The ability of diode to conduct current in one direction and block it in another direction, it can be used as a rectifier. Rectifiers are the electrical circuit which converts the AC voltage to DC voltage. All the electronic appliances are working on DC voltage rather than AC, so rectifiers are an essential part of all electronic appliances. The simplest rectifier is half wave rectifier.

The following diagram shows the *half-wave rectifier circuit* where the diode, load and sinusoidal AC source are connected together.

## Working of half wave rectifier:

For the positive half cycle of the input sinusoidal voltage, the anode of the diode is connected with the positive side of source and cathode is connected with the negative side of source and diode become forward bias. So, for the positive half cycle, the output is the same as input ideally. The current will pass through the load resistor during the positive half cycle. For practical purposes, the output voltage will be less by 0.7 volts. Before the diode becomes forward bias the input must overcome the barrier potential of the PN junction, that’s why the output in practical diode will be less by 0.7 volts.
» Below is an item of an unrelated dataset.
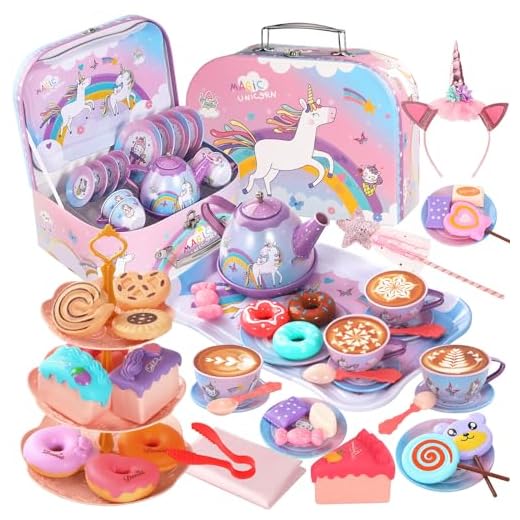 55Pcs Tea Party Set for Little Girls, Princess Tea Party Set,Unicorn Kid Tin Tea Set,Kids Kitchen Pretend Toy, Toddler Tea Party Sets for Girls 3-5, Girls Tea Party Set Gift for 4 + Year Old Girl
For the negative half cycle, the anode of the diode will connect with the negative side of source and cathode will connect with the positive side of source and diode become reverse bias. Ideally, the diode will act as an open switch and no current will pass through the load resistor. But practically there will be small leakage current. Another thing is that diode can withstand up to breakdown voltage. So the reverse blocking voltage must be in the range of the withstanding voltage. For the safer operation, the maximum input voltage must be 20% less than that of PIV (Peak Inverse Voltage) rating of the diode.

The output of the half wave rectifier does not change the direction of current in the load resistor, that’s why it is called DC voltage. But the magnitude of the voltage varies with time so it is called pulsating DC voltage. A steady-state DC can be achieved by using a filter circuit.

The average value of the input sinusoidal voltage is zero because of the same area above and below the axis line. Where the average value of the output can be calculated as follows

$v_{avg}=\frac{V_{p}}{2\pi }(\int_{0}^{\pi }{\sin t dt}+\int_{\pi }^{2\pi }{0 dt} )$

$v_{avg}=\frac{V_{p}}{2\pi }(2+0)$

$v_{avg}=\frac{V_{p}}{\pi }$

$v_{avg}=0.318 V_{p}$

The DC voltmeter will measure the average value of the half wave rectifier.

## Filtered Output of Half Wave Rectifier:

The output of the Half Wave rectifier is pulsating DC instead of steady-state. Where the electronic devices work on steady-state DC and some device may response unexpectedly for such type of pulsating DC. A filter circuit may be required to convert the pulsating DC to steady-state DC, where a simple filter circuit can be capacitor input filter. In the capacitor input filter circuit, the output of Half Wave rectifier is passed through a capacitor as the following circuit shows.

For the first quarter of the positive cycle of the input voltage, the capacitor will charge up to the supply maximum voltage V_{p}. For the second quarter of the positive cycle, the diode will become reverse bias because of the cathode at a higher potential than the anode. So, for the rest of the cycle, the capacitor will provide current to the load and discharge until the supply voltage becomes more than that of capacitor voltage. As the input voltage increased from the capacitor voltage the capacitor will again start charging and the chain will remain. The discharging time of the capacitor depends upon the RC time constant.

In the filtering action, the capacitor charges quickly and discharge slowly because of load resistance. That cause a change in voltage across the capacitor, which is undesirable and called ripple voltage.

$v_{r(pp)}\approx (\frac{1}{fR_{L}C})v_{p}$

$v_{DC}\approx 1-(\frac{1}{2fR_{L}C})v_{p}$

A measure of the effectiveness of the filter can be judged by the parameter called ripple factor. The formula of the ripple factor is the ratio between ripple voltage (peak to peak) and DC voltage.

$r=\frac{v_{r(pp)}}{v_{DC}}$

## Conclusion:

- A rectifier converts AC voltage to DC voltage.
- Half wave Rectifier only passes current through load during the positive half cycle of sinusoidal.
- The output of half wave rectifier is pulsating DC voltage, to convert it to a steady state, a filter is used.
- The effectiveness of the filter can be measured by the ripple factor.